I also end up with lots of plants, mainly taken by cuttings or self seeded. I take great pleasure at giving them away. I used to go to garden centres but now only go to plant nurseries as I believe in ‘right place, right plant’. Gardening is a very personal pass time, I personally am not so interested in growing fruit & veg and like you prefer the cottage garden look. Perennials mixed with annuals mainly. If you end up with a glut, maybe get to know local fellow gardeners and do either swaps or just give them away. I used to give my overspill to my boys primary or to a friend who was very thankful. There is no right way to garden but visiting other people’s gardens also helps to get inspiration and ideas about how to plant your borders. I’ve pinched many ideas over the last few years!! Maybe make a list of plants you need to fill gaps in your borders before you go to garden centre?

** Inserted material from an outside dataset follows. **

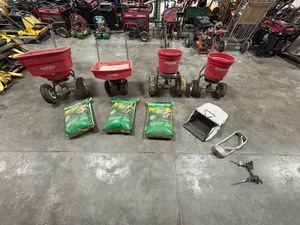 lot 343 image: Lawncare EarthWay spreaders Chapin spreader Sprinklers, Toro mower bag, Seedfertilizermulch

Anyway, these are just my suggestions, I’m sure other gardeners will have other ideas.

21 Jun, 2020

 

When we first arrived here,20 years ago,the garden was full of conifers and grass.I had always wished for a garden that encircled the house,which is what we bought with a downsized home.I must admit in the beginning I went mad removing conifers and adding perennials. So much so,in a few years it began to look overcrowded and nothing particularly stood out.In the last few years,much has been removed and more statement plants added.I still couldn't be without the perennials. Anget,your point about repeating the same plant throughout a border I like very much...this year I've tried this with Monardas and Achilleas.We will see how it transpires.
Hope this helps a little. Forgot to say...

As you've probably guessed, I'm a little obsessed with order!!! I'm also keen on creating small seating areas in the garden.Each one with a different theme.

21 Jun, 2020

 

I think it's wonderful you have the talent and means to express your love an interest in plants. They are extremely rewarding and bring much beauty to the environment and to ourselves and with rich rewards. My tomatoes and peppers are booming and I definitely can't eat all these tomatoes myself. I have a rose from my grandmother's garden that I cherish- the fragrance of grandma, irises from my mom's garden - they smell of lilac - my mom's fragrance! etc, etc. I've also started to appreciate the native plants which grow here naturally that are often forgotten in lieu of the flashy new hybrids at the shops.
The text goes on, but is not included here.